Show Abstract | Download Original | Original Source | Check in Google Scholar | DOI: 10.63922/ijbqr.v3i03.2029

Abstract

This study critically examines the paradox of obedience within the Indonesian National Police (Polri), a command-based institution where hierarchical discipline, loyalty, and ethical conduct are often in tension. Drawing on 25 in-depth interviews with police officers and community members, and supported by document analysis, the research explores how institutional structures and leadership cultures shape behaviors related to moral disengagement, organizational silence, and vertical loyalty. Using a qualitative case study approach under an interpretivist paradigm, thematic coding was conducted with NVivo software to identify five dominant patterns: (1) imperative hierarchical obedience, (2) loyalty to superiors over institutional values, (3) systemic erosion of personal integrity, (4) fear-driven organizational silence, and (5) bifurcated public perceptions of institutional legitimacy. The findings reveal that obedience is frequently decoupled from moral judgment, transforming into an instrument of structural control that suppresses dissent and rewards conformity.
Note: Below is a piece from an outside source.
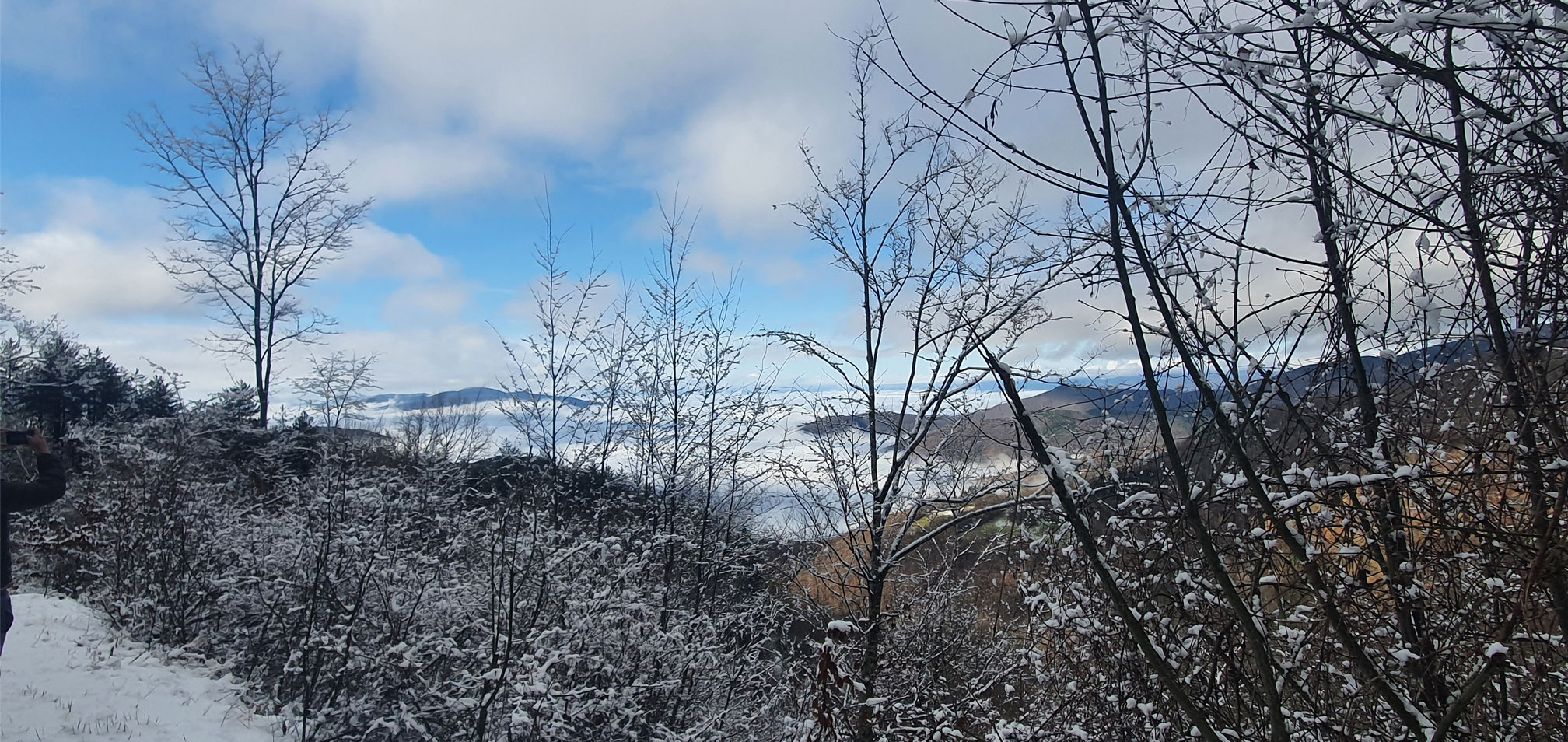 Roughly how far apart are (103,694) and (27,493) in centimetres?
333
Moreover, loyalty—while fostering cohesion—can enable permissive cultures that rationalize unethical conduct when not grounded in institutional ethics. The study offers a conceptual model linking obedience, loyalty, and silence as a behavioral continuum, which, if left unmoderated by ethical leadership and institutional integrity, results in normalized moral disengagement. This paper contributes theoretically to the discourse on command institutions by reframing obedience as an ethical condition shaped by organizational design, not merely individual will. It also provides practical insights for reforming policing culture through leadership training, whistleblower protection, and integrity-based accountability frameworks.